The Bush tax cuts are scheduled to expire in January, and since he was on the campaign trail, President Obama has expressed a desire to preserve the cuts for the middle class while letting tax rates for the wealthy reset to where they were during the Clinton administration. Most Democrats in Congress have embraced that proposal.

Conservative lawmakers and pundits, however, have been fearmongering that allowing the tax cuts for the wealthy to expire will kill job creation and small businesses (despite the fact that fewer than 2 percent of small business owners will be affected). “Republicans must emphasize that they stand for small and medium-size business,” wrote Karl Rove in an op-ed today. “A GOP growth agenda would keep intact the 2001 and 2003 tax cuts.”
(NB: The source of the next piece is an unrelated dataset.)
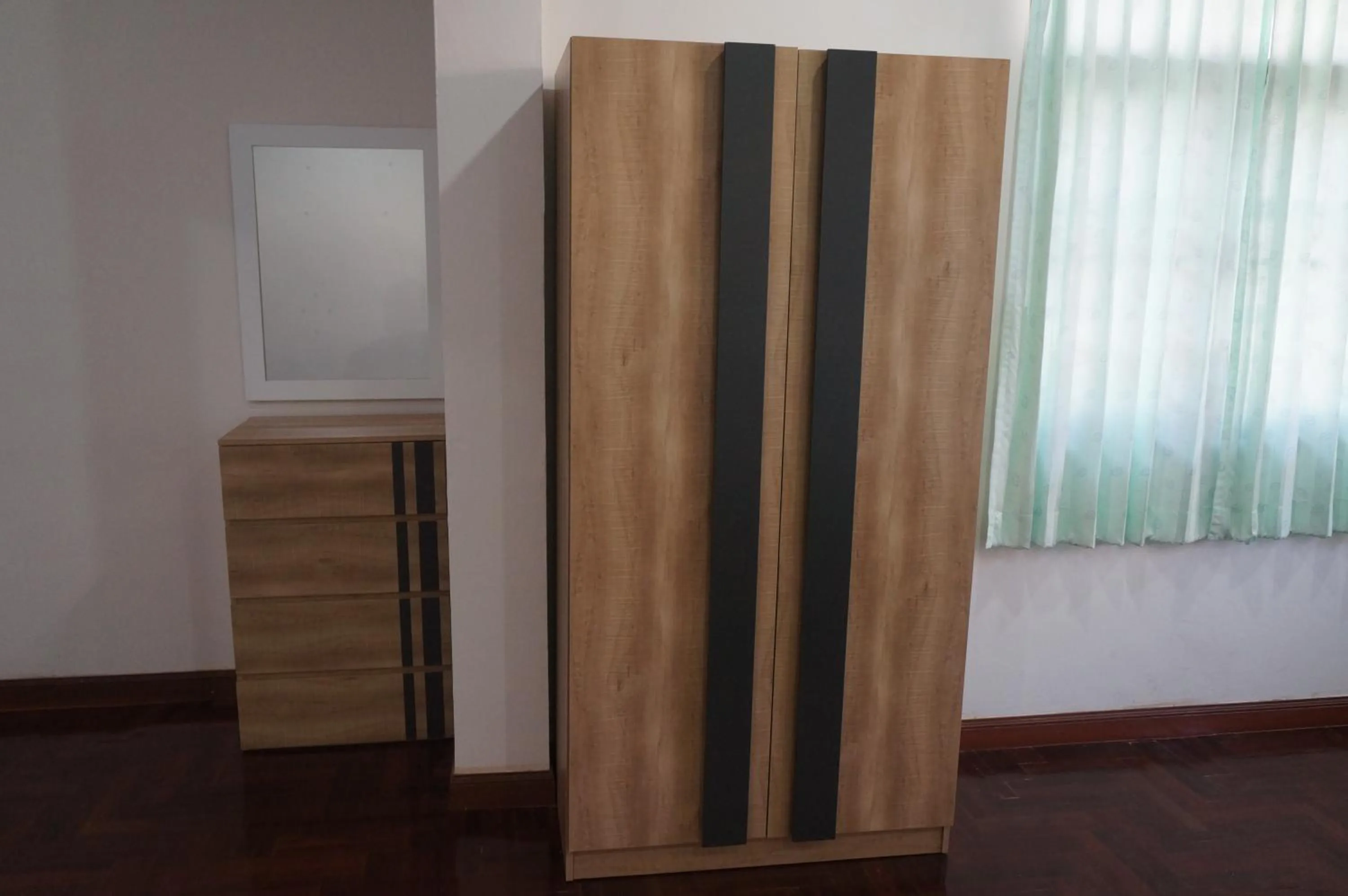 Bedroom in Lamai Apartment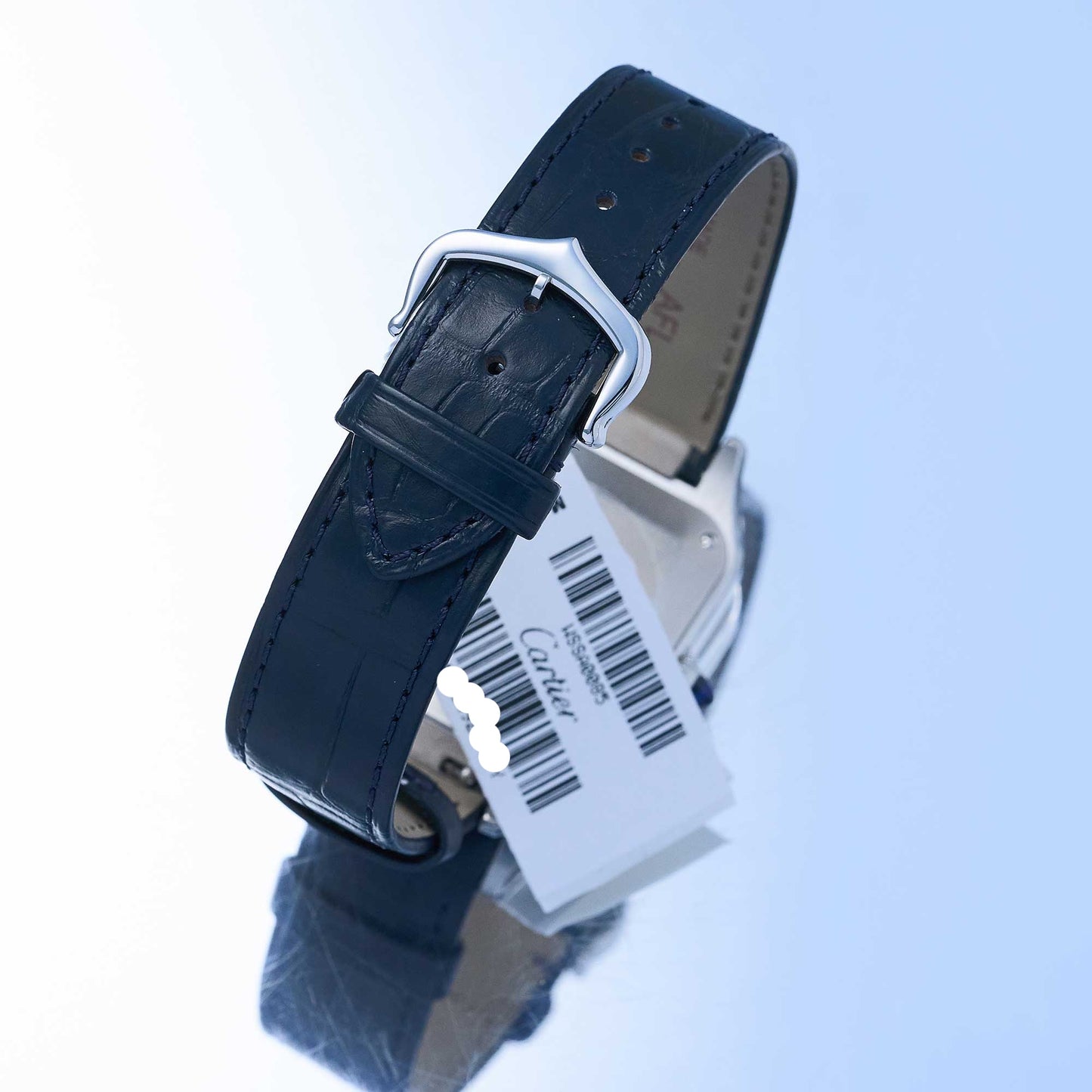 Cartier Santos Dumont Ref. WSSA0085 - "NEW / UNWORN" - Fullset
Last night on CNBC, Wall Street Journal editorial board member Stephen Moore took this one step further, saying that he can’t “see the sense” of allowing cuts for the rich to expire, and then advocating that taxes be raised on the poorest Americans in order to finance tax cuts for the rich and corporations:

I just don’t see the sense of this. In fact, if I could have my ‘druthers, I’d raise the ten percent tax rate to fifteen percent and lower the [top] rates…Let’s bring the [corporate] rate down.

Watch it:

This is a stunning admission from Moore, as he explicitly advocated raising the lowest tax bracket while simultaneously cutting the highest. But he’s not the only one on the right who would like to see such a plan implemented. Rep. Paul Ryan (R-WI) has crafted a budget plan that raises taxes on 90 percent of Americans while cutting them for the richest 10 percent.

Adopting such a plan would only exacerbate income inequality that is already the worst it has been since the 1920′s. According to the latest data, “the gaps in after-tax income between the richest 1 percent of Americans and the middle and poorest fifths of the country more than tripled between 1979 and 2007.” The top 1 percent of families now receive nearly 25 percent of the country’s income, after earning less than 10 percent in the 1970s.

At the same time, tax cuts for the rich have pushed the difference in tax burden between the wealthy and the middle class to the smallest in modern history. In fact, this year the Bush tax cuts will give millionaires more in tax breaks than 90 percent of Americans will make in total income.

Retaining the tax cuts for the rich in a time of long-term structural deficits and vast income inequality would be bad enough. To actually cuts those rates while raising rates for those on the bottom of the income scale would be unconscionable.